Bank Client Subscription Classifier¶
This project's primary goal is to demonstrate MLflow workflows for experiment tracking, model registry, reproducible ML pipelines, and hands-on familiarity with the MLflow UI and processes, while participating in Kaggle's Playground Series S5E8 competition.
Documentation¶
Full project analysis and documentation
Navigation Guide¶
The documentation follows the complete MLFlow journey through different versions (V1, V2, V3, V4) showing the evolution of the process. Navigate sequentially through the left navigation panel from top to bottom to follow the development progression and understand how each iteration builds upon the previous version.
Competition Details:
- Competition overview: Binary Classification with a Bank Dataset
- Dataset: S5E8 synthetic banking data
- Task: Binary classification predicting term deposit subscriptions
- Evaluation: ROC AUC score
- Timeline: August 2025
Quick Setup¶
# Install dependencies
pip install -e .
# Start MLflow tracking server
mlflow server --backend-store-uri sqlite:///mlflow.db --default-artifact-root ./mlartifacts
# MLflow UI will be available at http://localhost:5000
# Run MKDocs
mkdocs serve
Project Structure¶
├── .github/ # GitHub configuration
├── catboost_info/ # CatBoost training artifacts
├── config/ # Configuration files and loaders
├── data/ # Data files (raw, processed, predictions)

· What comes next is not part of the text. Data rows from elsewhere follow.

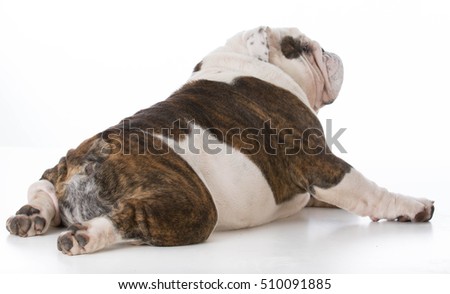 bulldog viewed from the backside on white background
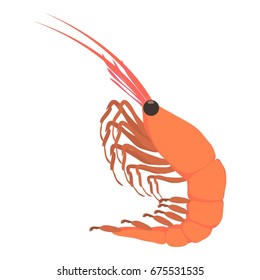 Shrimp icon. Cartoon illustration of shrimp vector icon for web isolated on white background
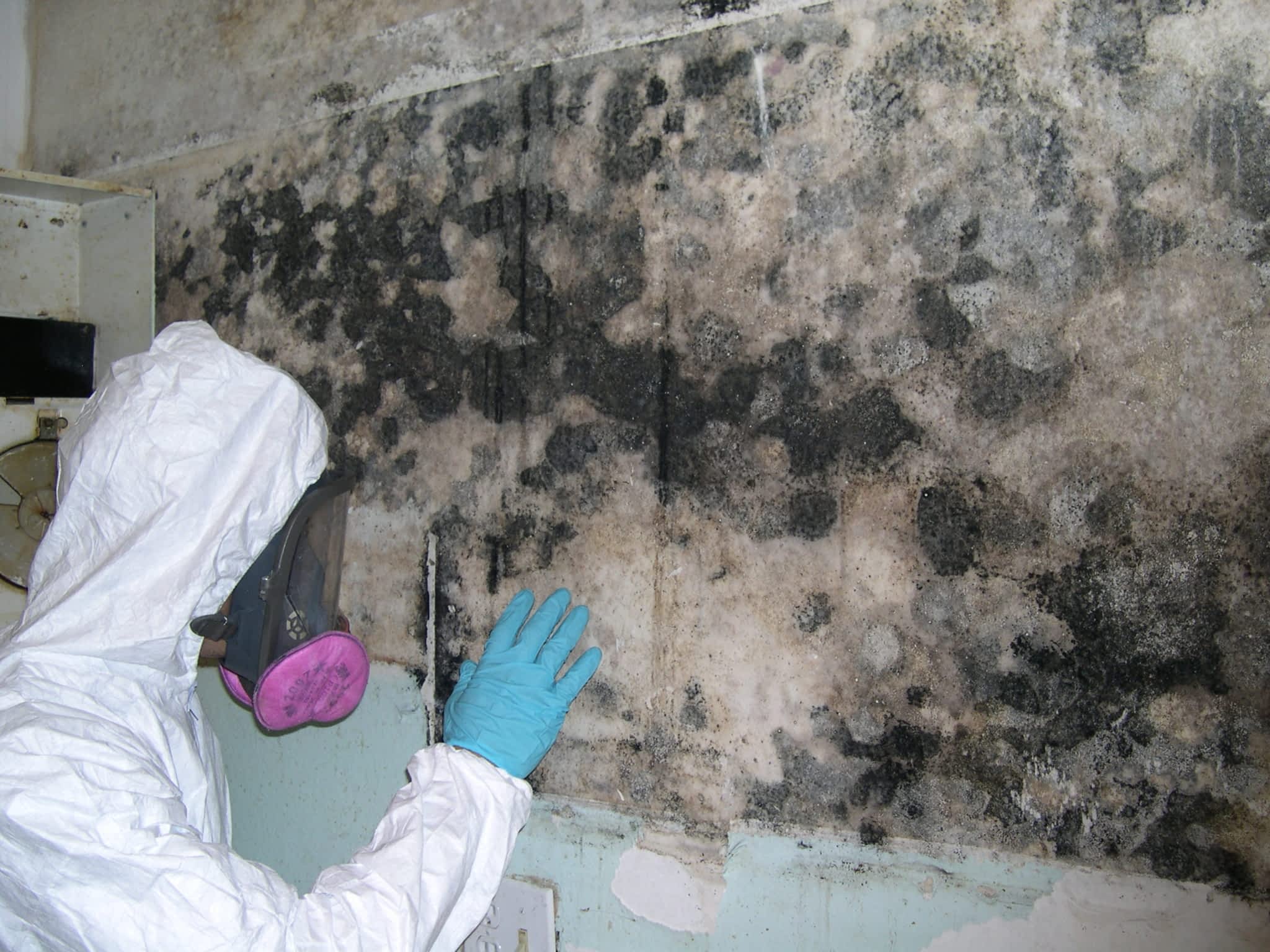 photo Mold Experts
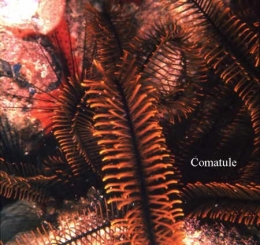 137Comatule2-1.jpg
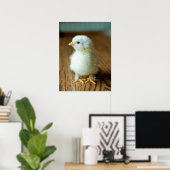 Kutest Baby Animals | Baby Chick Poster (Thuiskantoor)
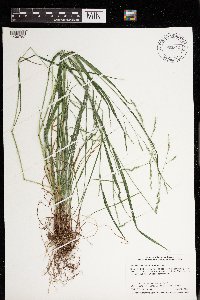 Festuca subverticillata image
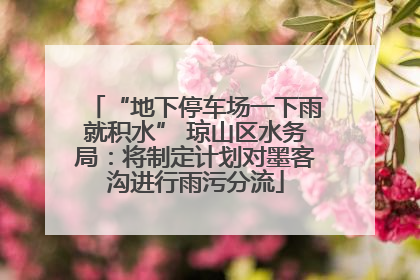 “地下停车场一下雨就积水” 琼山区水务局：将制定计划对墨客沟进行雨污分流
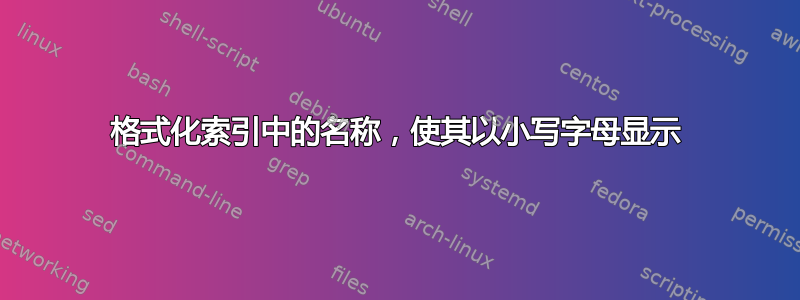 格式化索引中的名称，使其以小写字母显示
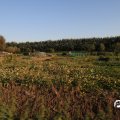IMG_829004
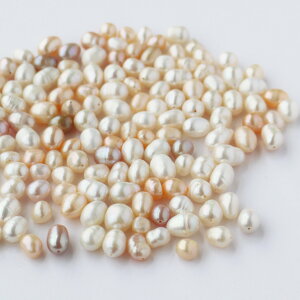 Wp[ p[c 55gWp[ r[Y ~bNX ^ Zbg  r[Y p[ p[r[Y Wp[p[c 嗱p[c nhCh DIY | f   ≮ ANZT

│ ├── predictions/ # Model predictions output
│ ├── processed/ # Processed datasets
│ └── raw/ # Raw competition data
├── docs/ # MkDocs documentation
├── images/ # Project images and assets
├── mlartifacts/ # MLflow artifacts storage
├── mlruns/ # MLflow experiment tracking data
├── notebooks/ # Jupyter notebooks for EDA and experiments
├── src/ # Source code
│ ├── data/ # Data loading and preprocessing modules
│ └── models/ # Model training, evaluation, and prediction
│ ├── core/ # Core model abstractions
│ └── implementations/ # Model implementations (LightGBM, XGBoost, CatBoost)
├── tests/ # Unit tests
├── main.py # Main entry point
├── MLproject # MLflow project definition
├── mkdocs.yml # MkDocs configuration
├── pyproject.toml # Python project configuration
└── python_env.yaml # Conda environment specification (Needed for MLFlow)
Development Status¶
The core project structure is complete with full MLflow implementation across multiple iterations (V1-V4). The Kaggle competition has concluded, but the project remains open for further enhancements such as SHAP values for feature importance analysis, additional model interpretability tools, and extended MLflow workflow demonstrations.